Initialize attributes at object creation⚑
If you want to initialize attributes of the object automatically at object creation, similar of what you'd do with the __init__ method of the class, you need to use root_validators.
from pydantic import root_validator
class PypikaRepository(BaseModel):
"""Implement the repository pattern using the Pypika query builder."""
connection: sqlite3.Connection
cursor: sqlite3.Cursor
class Config:
"""Configure the pydantic model."""
arbitrary_types_allowed = True
@root_validator(pre=True)
@classmethod
def set_connection(cls, values: Dict[str, Any]) -> Dict[str, Any]:
"""Set the connection to the database.
Raises:
ConnectionError: If there is no database file.
"""
database_file = values["database_url"].replace("sqlite:///", "")
if not os.path.isfile(database_file):
raise ConnectionError(f"There is no database file: {database_file}")
connection = sqlite3.connect(database_file)
values["connection"] = connection
values["cursor"] = connection.cursor()
return values
I had to set the arbitrary_types_allowed because the sqlite3 objects are not between the pydantic object types.
Set private attributes⚑
If you want to define some attributes that are not part of the model use PrivateAttr:
from datetime import datetime
from random import randint
from pydantic import BaseModel, PrivateAttr
class TimeAwareModel(BaseModel):
_processed_at: datetime = PrivateAttr(default_factory=datetime.now)
_secret_value: str = PrivateAttr()
def __init__(self, **data: Any) -> None:
super().__init__(**data)
# this could also be done with default_factory
self._secret_value = randint(1, 5)
m = TimeAwareModel()
print(m._processed_at)
#> 2021-03-03 17:30:04.030758
print(m._secret_value)
#> 5
Define fields to exclude from exporting at config level⚑
This won't be necessary once they release the version 1.9 because you can define the fields to exclude in the Config of the model using something like:
class User(BaseModel):
id: int
username: str
password: str
class Transaction(BaseModel):
id: str
user: User
value: int
class Config:
fields = {
'value': {
'alias': 'Amount',
'exclude': ...,
},
'user': {
'exclude': {'username', 'password'}
},
'id': {
'dump_alias': 'external_id'
}
}
The release it's taking its time because the developer's gremlin and salaried work are sucking his time off.
Update entity attributes with a dictionary⚑
To update a model with the data of a dictionary you can create a new object with the new data using the update argument of the copy method.
class FooBarModel(BaseModel):
banana: float
foo: str
m = FooBarModel(banana=3.14, foo='hello')
m.copy(update={'banana': 0})
Lazy loading attributes⚑
Currently there is no official support for lazy loading model attributes.
You can define your own properties but when you export the schema they won't appear there. dgasmith has a workaround though.
Troubleshooting⚑
Ignore a field when representing an object⚑
Use repr=False.

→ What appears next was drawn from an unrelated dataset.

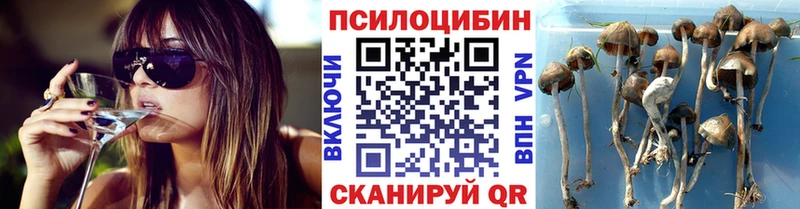 Купить где  Обоянь  Галлюциногенные грибы Psilocybine cubensis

This is useful for properties that don't return a value quickly, for example if you save an sh background process.
class Temp(BaseModel):
foo: typing.Any
boo: typing.Any = Field(..., repr=False)
Copy produces copy that modifies the original⚑
When copying a model, changing the value of an attribute on the copy updates the value of the attribute on the original. This only happens if deep != True. To fix it use: model.copy(deep=True).
E0611: No name 'BaseModel' in module 'pydantic'⚑
Add to your pyproject.toml the following lines:
# --------- Pylint -------------
[tool.pylint.'MESSAGES CONTROL']
extension-pkg-whitelist = "pydantic"
Or if it fails, add to the line # pylint: extension-pkg-whitelist.